Random "Data not received" with Varnish behind ELB

Wed Oct 22 18:59:55 CEST 2014

At 2014-10-22T12:23-0400, Greg Taylor wrote:
> We managed to find what appears to be one of these failed requests:
> 2014-10-22T15:47:56.092374Z littlepeople [1]68.115.251.182:45368 - -1
> -1 -1 408 0 0 0 "GET [2]http://littlepeople.pathwright.com:80/
> HTTP/1.1"

What does varnishlog show at this point?
If you don't see anything from varnishlog during a broken request, I
would break out tshark to dump packets on the varnish box. Also check to
see if the logs (or packets) when Chrome connects are different from
when Firefox connects. It could be something like SPDY not interacting
properly with some aspect of the system.

> Says request timeout.

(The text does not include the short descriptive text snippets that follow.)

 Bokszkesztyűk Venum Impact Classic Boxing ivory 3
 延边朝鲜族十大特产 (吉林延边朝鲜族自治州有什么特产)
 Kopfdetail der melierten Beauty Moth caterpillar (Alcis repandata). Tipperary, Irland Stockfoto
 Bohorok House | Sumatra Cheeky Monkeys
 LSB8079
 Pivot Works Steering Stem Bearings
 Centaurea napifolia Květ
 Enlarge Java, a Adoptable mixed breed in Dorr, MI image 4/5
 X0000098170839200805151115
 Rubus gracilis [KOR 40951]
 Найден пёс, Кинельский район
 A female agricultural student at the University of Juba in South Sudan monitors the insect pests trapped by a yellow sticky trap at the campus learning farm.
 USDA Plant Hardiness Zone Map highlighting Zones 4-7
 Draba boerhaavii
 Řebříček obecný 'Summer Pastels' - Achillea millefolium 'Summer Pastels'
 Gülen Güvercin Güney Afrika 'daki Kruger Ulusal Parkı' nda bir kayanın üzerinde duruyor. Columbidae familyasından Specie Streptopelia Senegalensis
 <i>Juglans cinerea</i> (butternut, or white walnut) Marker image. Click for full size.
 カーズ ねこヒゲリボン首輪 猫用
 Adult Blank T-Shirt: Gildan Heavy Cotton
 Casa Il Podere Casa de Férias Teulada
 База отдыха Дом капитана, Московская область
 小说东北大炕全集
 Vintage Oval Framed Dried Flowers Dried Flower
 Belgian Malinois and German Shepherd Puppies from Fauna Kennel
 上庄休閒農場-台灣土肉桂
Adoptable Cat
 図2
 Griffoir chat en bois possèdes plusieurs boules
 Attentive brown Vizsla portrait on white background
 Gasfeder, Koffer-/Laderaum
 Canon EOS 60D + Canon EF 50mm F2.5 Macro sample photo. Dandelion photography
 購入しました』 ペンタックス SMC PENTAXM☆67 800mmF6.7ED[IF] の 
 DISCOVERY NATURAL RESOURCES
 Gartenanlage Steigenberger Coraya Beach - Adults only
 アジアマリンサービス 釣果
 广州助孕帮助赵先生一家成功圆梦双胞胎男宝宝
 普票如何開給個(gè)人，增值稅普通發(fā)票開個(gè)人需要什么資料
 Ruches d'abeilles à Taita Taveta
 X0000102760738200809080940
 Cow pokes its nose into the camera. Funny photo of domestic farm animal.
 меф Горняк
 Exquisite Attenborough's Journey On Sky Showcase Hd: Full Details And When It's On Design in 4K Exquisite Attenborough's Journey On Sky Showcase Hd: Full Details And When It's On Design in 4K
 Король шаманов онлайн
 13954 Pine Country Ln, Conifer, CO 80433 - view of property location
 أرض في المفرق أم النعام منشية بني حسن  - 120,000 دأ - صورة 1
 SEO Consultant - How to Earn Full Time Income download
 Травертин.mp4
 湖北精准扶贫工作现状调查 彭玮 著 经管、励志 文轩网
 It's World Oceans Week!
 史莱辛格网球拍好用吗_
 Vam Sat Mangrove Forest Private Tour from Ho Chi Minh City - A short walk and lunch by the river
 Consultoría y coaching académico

I've got my ELB timeout set to 6 seconds, and
> varnish's default idle_timeout is 10s. I have also added this:

What's the backend webserver timeout?
What happens if you set them all to have the same timeout?

Given the generosity of your other timeouts, why is connect_timeout only
1 second? Especially combined with forcing all backend connections to be
closed, this seems like a prime candidate for errors.

Can you post a gist of "varnishstat -1"?

On the ELB monitoring page, what do the statistics look like?
Especially for the following:
* Surge Queue Length
* Spillover Count
* Backend Connection Errors
* Average Latency (tells you how close you're coming to those timeouts)

You might find this useful reading:
http://reinvent.kinvey.com/h/i/6206548-key-aws-elb-monitoring-metrics

>    sub vcl_pipe {
>      # Don't re-use backend connections.
>      set bereq.http.Connection = "close";
>    }

Don't do this. Re-opening connections is expensive.

Paul